A few words of caution before you take my word for it:
1) Betty Hicks is a sister from my alma mater; I’m biased, but I do think that she learned her lessons well (not all of us have).
2) My sister is currently attending Lees-McRae College in Banner Elk. I’ve visited the town and had a good long talk with a man who owns a store that sells woolly worm themed tourist goods, but I have never attended the Woolly Worm Festival.
MAJOR spoilers ahead!
Hicks had the gall to seem to kill the woolly worm, Tink, to which she had been making her reader and main character attached. I was impressed that she would do such a thing in a middle-grade book. Tink is essentially Ellis’ best friend and the only creature (apart from the duck, Puddles, and her ducklings, six of which Hicks does kill) with whom Ellis can be honest. Things seem to be tumbling apart and Hicks wisely has made victory at the Woolly Worm Festival important in so many ways for the charming Ellis that the reader is compelled to wonder how this can possibly end well. But end well it does—though not in the way that Ellis expects. Ellis’ loss at the Woolly Worm Festival is yet another bold decision by Hicks.
If there is one stylistic flaw it is that Hicks tries to include too much and impose too much significance upon details—like Puddles the duck and her dead ducklings.

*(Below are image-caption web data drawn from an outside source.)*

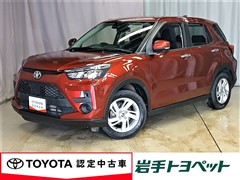 トヨタ　ライズ G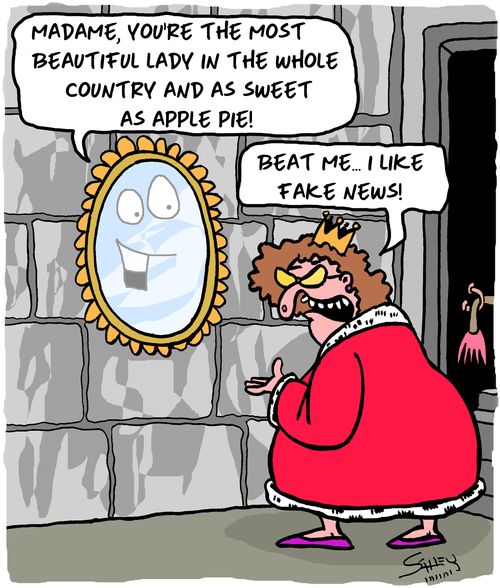 "Madame, you're the most beautiful lady in the whole country and as sweet as apple pie!"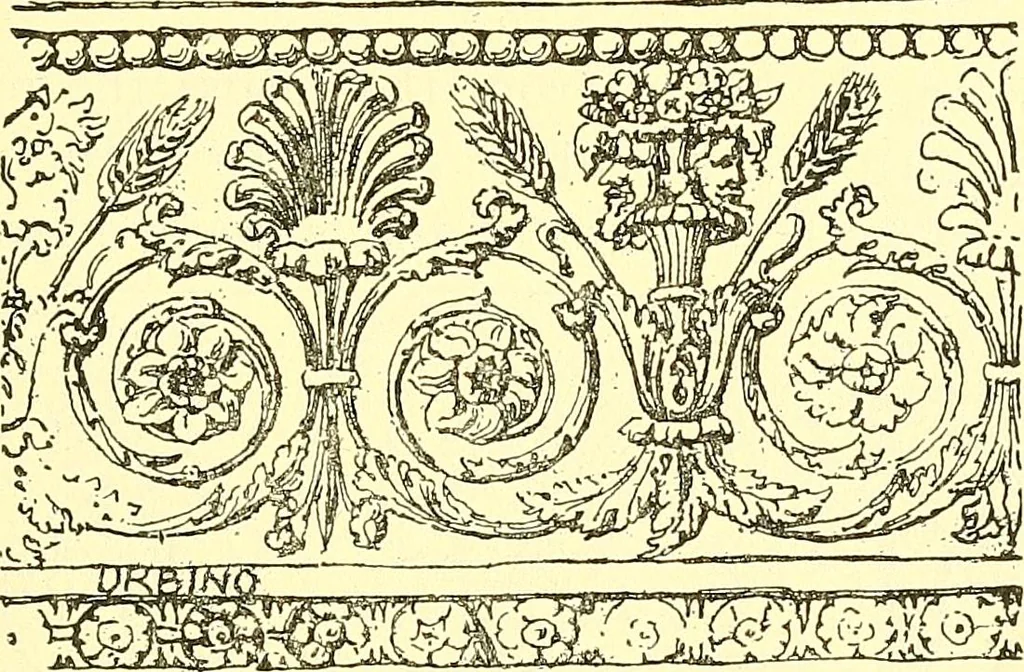 An illustration from A history of ornament .., 1916, leaf 116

Ellis is dealing with so much in the story—his father’s injury, new responsibilities at home, an altered family dynamic, poverty, a boyhood crush, not being taken seriously by his peers, finding true friends, competition, a bully—that I’m not sure that his gripe with his mother, forced because of his father’s injury to work several jobs and become and absent parent, is given the attention necessary for me to feel that Puddle’s dead ducklings were more than a tangent. But I find this stylistic flaw a reasonably forgivable one—at least since it was not very strongly felt. It is more impressive to me that The Worm Whisperer can cradle as much as it does.
If I can say anything else against the story its that I’d have liked to spend a little more time in the happily ever after, to be reassured that the family dynamic returns to something more palatable to Ellis, that he can maybe hold hands with Alice, that he enjoy his friends’ company rather than feeling that he needs to perform his “class clown” role with them…. The ending is not abrupt, but it is brief, and focuses primarily on the rediscovery and coming resurrection of Tink, almost ignoring the plethora of other troubles with which Hicks has burdened Ellis.

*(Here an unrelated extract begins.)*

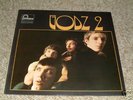 THE GODZ godz 2 UK FONTANA 1969 1ST PRESS PSYCH LP MINT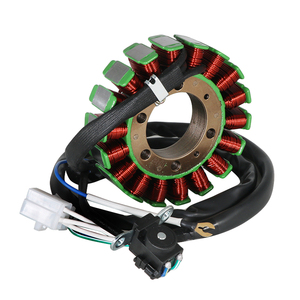 Rotor de motor de bobina de estator de motocicleta para <span class=keywords><strong>Yamaha</strong></span> <span class=keywords><strong>XTZ660</strong></span> SZR660 XT400E XT500E XT600E TT600E 3YF-81410-00 3TB-81410-00 - Product Image 5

The only reason for me to give The Worm Whisperer less than five stars is my proclivity to save-the-world fantasies over personal dramas.
Hicks, Betty. The Worm Whisperer. New York: Roaring Brook-Holtzbrinck, 2013.
This review is not endorsed by Roaring Brook Press, Holtzbrinck Publishing Holdings Limited Partnership, or Betty Hicks. It is an independent, honest review by a reader. The review is of an uncorrected proof won through the site, Goodreads.